Below are some records. Return exactly the lines from the one with "Used 2023 RAM" to the one with "2014 TOYOTA SIENNA LE 7 PASSENGER", and nothing else.

──────────────────────────────

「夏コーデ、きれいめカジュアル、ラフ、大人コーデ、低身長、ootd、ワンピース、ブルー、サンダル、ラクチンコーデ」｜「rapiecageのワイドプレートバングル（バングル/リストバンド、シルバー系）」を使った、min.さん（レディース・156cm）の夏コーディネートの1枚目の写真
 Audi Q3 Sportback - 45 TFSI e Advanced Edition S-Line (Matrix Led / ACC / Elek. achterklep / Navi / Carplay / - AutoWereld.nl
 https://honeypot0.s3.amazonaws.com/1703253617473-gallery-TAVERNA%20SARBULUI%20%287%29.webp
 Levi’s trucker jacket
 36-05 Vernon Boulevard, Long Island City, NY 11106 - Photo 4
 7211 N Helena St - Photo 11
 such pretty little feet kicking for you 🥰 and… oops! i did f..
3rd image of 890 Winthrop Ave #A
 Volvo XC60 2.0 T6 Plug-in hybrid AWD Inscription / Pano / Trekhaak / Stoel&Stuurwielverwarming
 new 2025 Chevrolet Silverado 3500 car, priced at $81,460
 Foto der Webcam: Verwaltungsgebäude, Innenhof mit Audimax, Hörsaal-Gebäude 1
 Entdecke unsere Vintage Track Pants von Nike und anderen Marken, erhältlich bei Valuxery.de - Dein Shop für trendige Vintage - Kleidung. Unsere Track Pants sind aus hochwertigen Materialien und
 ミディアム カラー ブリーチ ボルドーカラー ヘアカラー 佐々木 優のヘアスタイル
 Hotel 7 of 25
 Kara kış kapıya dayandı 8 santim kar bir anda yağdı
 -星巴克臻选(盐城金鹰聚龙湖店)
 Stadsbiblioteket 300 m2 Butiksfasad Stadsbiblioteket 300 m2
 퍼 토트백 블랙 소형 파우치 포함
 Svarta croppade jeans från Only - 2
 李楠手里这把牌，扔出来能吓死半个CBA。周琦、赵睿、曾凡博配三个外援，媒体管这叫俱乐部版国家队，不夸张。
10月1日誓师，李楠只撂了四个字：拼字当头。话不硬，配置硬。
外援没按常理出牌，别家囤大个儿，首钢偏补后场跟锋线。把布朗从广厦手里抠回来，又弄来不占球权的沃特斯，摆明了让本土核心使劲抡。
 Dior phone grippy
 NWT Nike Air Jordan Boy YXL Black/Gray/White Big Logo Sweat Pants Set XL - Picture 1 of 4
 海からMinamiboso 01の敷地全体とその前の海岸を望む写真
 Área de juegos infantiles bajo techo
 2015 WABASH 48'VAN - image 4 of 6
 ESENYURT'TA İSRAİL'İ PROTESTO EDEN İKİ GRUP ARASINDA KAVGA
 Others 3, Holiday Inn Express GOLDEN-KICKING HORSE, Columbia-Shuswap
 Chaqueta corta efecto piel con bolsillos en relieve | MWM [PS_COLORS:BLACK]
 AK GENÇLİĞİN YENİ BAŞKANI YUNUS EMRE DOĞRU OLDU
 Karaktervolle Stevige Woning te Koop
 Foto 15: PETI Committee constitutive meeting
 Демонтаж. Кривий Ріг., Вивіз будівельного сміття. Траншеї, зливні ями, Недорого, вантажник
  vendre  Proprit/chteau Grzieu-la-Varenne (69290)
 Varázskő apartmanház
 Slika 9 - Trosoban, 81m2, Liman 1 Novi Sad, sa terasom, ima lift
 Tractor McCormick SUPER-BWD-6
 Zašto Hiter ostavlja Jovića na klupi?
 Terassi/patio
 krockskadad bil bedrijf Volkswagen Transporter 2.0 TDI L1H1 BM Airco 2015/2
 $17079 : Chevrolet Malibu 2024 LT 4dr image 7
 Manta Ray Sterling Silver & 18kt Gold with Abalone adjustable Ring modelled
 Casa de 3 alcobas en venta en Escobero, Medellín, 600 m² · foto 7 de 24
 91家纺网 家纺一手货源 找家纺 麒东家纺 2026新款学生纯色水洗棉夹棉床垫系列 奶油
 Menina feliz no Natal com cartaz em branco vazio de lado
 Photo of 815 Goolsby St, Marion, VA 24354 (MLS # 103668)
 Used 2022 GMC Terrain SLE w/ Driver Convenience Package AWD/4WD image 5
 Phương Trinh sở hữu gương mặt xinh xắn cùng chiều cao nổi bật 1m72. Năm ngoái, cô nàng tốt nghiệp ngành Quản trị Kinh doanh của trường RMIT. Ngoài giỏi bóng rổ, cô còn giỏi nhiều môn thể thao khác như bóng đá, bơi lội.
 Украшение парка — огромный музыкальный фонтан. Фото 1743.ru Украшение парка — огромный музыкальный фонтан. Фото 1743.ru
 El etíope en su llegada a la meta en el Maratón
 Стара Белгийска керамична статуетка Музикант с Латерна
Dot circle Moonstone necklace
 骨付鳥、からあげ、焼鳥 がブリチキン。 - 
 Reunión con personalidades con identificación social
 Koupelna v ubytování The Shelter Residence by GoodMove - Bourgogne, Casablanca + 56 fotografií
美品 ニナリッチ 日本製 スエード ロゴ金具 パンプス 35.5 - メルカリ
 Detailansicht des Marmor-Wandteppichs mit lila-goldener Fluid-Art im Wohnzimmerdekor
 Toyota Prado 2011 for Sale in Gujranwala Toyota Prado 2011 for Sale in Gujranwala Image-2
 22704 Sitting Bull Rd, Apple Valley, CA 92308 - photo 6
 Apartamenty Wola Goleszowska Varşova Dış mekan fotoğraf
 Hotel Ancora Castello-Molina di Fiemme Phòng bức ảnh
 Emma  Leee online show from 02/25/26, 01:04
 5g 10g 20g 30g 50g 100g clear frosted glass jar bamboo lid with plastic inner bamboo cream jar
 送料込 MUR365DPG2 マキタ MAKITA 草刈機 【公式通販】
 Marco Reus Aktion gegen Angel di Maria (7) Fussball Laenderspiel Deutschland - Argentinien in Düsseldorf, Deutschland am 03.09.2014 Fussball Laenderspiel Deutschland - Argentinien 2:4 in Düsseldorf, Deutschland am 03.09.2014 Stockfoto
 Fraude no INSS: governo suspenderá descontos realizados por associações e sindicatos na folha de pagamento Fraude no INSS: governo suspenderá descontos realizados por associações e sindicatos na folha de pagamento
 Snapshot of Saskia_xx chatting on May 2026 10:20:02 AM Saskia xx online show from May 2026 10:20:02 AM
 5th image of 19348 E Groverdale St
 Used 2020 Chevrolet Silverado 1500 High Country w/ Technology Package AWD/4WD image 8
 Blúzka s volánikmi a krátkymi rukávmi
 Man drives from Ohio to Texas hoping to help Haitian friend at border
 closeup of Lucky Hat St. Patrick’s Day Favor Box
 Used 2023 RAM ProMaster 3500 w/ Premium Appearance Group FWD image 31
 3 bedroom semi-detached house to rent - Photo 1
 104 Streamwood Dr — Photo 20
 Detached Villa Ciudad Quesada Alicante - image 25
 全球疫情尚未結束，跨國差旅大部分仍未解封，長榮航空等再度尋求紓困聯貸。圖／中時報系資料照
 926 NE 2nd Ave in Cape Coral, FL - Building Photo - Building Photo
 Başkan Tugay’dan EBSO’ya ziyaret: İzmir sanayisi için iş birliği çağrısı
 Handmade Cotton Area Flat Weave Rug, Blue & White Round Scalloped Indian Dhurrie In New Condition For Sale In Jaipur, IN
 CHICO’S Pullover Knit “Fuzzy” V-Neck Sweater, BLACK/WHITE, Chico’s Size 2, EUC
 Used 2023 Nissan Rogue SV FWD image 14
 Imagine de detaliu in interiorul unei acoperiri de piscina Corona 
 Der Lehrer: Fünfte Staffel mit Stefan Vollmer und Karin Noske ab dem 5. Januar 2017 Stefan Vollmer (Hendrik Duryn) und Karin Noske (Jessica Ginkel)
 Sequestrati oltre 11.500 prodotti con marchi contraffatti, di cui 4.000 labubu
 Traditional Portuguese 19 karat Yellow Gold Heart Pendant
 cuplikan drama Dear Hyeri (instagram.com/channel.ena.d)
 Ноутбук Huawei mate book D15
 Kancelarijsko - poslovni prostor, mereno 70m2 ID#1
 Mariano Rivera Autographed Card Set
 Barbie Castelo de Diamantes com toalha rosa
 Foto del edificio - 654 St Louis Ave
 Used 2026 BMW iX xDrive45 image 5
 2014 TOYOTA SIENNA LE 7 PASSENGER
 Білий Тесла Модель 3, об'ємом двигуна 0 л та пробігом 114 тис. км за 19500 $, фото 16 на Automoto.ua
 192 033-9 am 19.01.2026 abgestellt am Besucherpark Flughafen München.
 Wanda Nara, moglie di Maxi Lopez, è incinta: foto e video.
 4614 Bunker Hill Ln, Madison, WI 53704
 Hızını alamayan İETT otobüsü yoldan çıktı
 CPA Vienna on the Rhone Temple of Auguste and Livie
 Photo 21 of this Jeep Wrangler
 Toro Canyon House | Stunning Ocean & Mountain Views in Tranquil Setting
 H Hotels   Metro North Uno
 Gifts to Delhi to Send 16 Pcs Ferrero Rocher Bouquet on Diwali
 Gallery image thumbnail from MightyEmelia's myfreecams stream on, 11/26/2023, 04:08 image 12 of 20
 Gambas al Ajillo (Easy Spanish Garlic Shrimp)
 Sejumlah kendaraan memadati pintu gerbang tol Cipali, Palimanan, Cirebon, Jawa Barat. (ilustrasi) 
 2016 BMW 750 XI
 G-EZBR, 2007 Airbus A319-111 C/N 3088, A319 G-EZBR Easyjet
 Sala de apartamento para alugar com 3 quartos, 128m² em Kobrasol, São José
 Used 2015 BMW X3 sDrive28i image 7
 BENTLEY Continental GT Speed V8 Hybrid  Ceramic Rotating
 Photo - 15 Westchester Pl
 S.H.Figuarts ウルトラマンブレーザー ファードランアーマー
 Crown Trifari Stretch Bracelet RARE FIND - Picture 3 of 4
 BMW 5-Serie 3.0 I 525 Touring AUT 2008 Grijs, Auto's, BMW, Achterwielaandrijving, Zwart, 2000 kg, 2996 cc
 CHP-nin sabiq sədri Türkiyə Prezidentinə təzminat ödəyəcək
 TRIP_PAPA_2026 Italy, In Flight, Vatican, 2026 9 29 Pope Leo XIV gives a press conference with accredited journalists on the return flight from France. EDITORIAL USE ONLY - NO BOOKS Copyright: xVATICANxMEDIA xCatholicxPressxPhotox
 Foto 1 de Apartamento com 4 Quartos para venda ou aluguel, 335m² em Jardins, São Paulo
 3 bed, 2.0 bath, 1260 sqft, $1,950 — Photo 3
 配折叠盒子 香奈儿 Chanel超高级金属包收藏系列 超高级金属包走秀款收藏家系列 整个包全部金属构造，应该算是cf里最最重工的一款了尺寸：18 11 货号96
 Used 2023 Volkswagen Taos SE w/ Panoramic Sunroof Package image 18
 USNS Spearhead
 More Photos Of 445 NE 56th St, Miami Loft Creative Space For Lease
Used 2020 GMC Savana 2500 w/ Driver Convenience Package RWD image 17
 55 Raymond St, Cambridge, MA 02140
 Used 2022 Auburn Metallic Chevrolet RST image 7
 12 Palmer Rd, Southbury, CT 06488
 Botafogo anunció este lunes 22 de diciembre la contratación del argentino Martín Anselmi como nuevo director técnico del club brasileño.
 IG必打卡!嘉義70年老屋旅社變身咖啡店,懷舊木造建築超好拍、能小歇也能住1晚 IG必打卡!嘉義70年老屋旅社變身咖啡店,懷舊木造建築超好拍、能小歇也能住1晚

──────────────────────────────

Worked solution:
 Used 2023 RAM ProMaster 3500 w/ Premium Appearance Group FWD image 31
 3 bedroom semi-detached house to rent - Photo 1
 104 Streamwood Dr — Photo 20
 Detached Villa Ciudad Quesada Alicante - image 25
 全球疫情尚未結束，跨國差旅大部分仍未解封，長榮航空等再度尋求紓困聯貸。圖／中時報系資料照
 926 NE 2nd Ave in Cape Coral, FL - Building Photo - Building Photo
 Başkan Tugay’dan EBSO’ya ziyaret: İzmir sanayisi için iş birliği çağrısı
 Handmade Cotton Area Flat Weave Rug, Blue & White Round Scalloped Indian Dhurrie In New Condition For Sale In Jaipur, IN
 CHICO’S Pullover Knit “Fuzzy” V-Neck Sweater, BLACK/WHITE, Chico’s Size 2, EUC
 Used 2023 Nissan Rogue SV FWD image 14
 Imagine de detaliu in interiorul unei acoperiri de piscina Corona 
 Der Lehrer: Fünfte Staffel mit Stefan Vollmer und Karin Noske ab dem 5. Januar 2017 Stefan Vollmer (Hendrik Duryn) und Karin Noske (Jessica Ginkel)
 Sequestrati oltre 11.500 prodotti con marchi contraffatti, di cui 4.000 labubu
 Traditional Portuguese 19 karat Yellow Gold Heart Pendant
 cuplikan drama Dear Hyeri (instagram.com/channel.ena.d)
 Ноутбук Huawei mate book D15
 Kancelarijsko - poslovni prostor, mereno 70m2 ID#1
 Mariano Rivera Autographed Card Set
 Barbie Castelo de Diamantes com toalha rosa
 Foto del edificio - 654 St Louis Ave
 Used 2026 BMW iX xDrive45 image 5
 2014 TOYOTA SIENNA LE 7 PASSENGER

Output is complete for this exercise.